Start of Block
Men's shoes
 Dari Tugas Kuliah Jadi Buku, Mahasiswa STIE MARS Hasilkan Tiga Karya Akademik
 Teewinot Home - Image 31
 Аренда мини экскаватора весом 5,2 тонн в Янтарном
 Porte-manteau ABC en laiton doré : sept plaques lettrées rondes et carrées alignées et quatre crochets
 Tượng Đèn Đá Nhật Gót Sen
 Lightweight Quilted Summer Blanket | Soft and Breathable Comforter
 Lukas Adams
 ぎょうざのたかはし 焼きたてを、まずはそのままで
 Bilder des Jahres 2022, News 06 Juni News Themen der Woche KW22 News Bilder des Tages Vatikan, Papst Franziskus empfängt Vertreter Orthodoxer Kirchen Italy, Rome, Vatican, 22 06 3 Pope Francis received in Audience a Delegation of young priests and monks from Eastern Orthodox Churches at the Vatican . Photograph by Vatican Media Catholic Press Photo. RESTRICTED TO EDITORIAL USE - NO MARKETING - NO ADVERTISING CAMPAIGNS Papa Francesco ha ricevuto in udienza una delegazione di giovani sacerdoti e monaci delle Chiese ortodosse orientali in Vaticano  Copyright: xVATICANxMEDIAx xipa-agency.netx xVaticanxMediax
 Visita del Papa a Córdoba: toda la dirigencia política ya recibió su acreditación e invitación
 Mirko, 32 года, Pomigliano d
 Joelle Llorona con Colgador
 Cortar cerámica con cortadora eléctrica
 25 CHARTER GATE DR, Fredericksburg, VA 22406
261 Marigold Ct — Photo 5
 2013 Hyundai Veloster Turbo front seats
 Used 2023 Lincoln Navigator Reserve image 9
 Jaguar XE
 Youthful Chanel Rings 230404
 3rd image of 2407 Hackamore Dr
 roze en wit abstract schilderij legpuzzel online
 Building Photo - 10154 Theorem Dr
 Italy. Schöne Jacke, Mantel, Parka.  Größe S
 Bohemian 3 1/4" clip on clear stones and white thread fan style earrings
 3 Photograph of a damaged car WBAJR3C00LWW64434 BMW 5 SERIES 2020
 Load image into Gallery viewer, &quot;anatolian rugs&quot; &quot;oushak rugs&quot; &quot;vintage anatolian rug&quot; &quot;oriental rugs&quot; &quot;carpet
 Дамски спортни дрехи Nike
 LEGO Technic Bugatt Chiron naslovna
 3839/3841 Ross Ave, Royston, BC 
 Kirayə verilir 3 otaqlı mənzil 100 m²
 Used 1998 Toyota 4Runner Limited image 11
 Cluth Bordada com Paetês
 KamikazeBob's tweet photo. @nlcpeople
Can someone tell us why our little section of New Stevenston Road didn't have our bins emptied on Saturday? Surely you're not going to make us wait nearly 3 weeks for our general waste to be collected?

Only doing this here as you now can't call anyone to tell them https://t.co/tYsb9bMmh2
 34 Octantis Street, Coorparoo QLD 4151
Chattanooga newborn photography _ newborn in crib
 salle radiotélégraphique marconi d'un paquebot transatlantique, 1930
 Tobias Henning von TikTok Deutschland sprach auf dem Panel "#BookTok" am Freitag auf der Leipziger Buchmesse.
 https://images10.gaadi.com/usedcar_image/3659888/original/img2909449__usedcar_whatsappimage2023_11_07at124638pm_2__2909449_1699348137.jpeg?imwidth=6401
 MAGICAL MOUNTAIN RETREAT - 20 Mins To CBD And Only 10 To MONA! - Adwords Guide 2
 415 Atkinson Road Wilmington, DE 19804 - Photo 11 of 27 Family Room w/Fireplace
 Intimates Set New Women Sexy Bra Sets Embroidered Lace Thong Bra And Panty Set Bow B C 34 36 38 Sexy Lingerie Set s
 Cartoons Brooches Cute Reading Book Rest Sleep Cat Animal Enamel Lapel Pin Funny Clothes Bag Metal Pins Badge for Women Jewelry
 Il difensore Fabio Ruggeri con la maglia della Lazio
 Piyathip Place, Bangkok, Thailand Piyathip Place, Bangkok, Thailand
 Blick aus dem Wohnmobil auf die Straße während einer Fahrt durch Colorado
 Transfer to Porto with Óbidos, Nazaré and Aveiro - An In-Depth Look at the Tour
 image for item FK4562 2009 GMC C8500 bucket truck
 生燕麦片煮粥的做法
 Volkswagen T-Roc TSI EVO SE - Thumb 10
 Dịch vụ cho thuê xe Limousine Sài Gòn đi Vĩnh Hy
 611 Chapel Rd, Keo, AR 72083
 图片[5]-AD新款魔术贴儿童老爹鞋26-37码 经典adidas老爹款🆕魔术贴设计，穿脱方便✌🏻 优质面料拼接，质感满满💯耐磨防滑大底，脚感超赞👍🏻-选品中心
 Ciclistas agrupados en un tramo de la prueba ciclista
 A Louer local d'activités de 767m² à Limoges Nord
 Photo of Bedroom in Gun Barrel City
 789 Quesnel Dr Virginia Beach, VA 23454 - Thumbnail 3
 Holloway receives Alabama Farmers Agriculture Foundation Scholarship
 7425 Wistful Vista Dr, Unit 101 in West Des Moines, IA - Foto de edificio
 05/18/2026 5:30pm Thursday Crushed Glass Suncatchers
End of Block
*REQUIRED ACTION*: Search the listing above for the lines with "Building Photo - 10154 Theorem Dr" and "3839/3841 Ross Ave, Royston, BC", then output those lines and all lines between them exactly.

*WRITTEN SOLUTION*:
 Building Photo - 10154 Theorem Dr
 Italy. Schöne Jacke, Mantel, Parka.  Größe S
 Bohemian 3 1/4" clip on clear stones and white thread fan style earrings
 3 Photograph of a damaged car WBAJR3C00LWW64434 BMW 5 SERIES 2020
 Load image into Gallery viewer, &quot;anatolian rugs&quot; &quot;oushak rugs&quot; &quot;vintage anatolian rug&quot; &quot;oriental rugs&quot; &quot;carpet
 Дамски спортни дрехи Nike
 LEGO Technic Bugatt Chiron naslovna
 3839/3841 Ross Ave, Royston, BC 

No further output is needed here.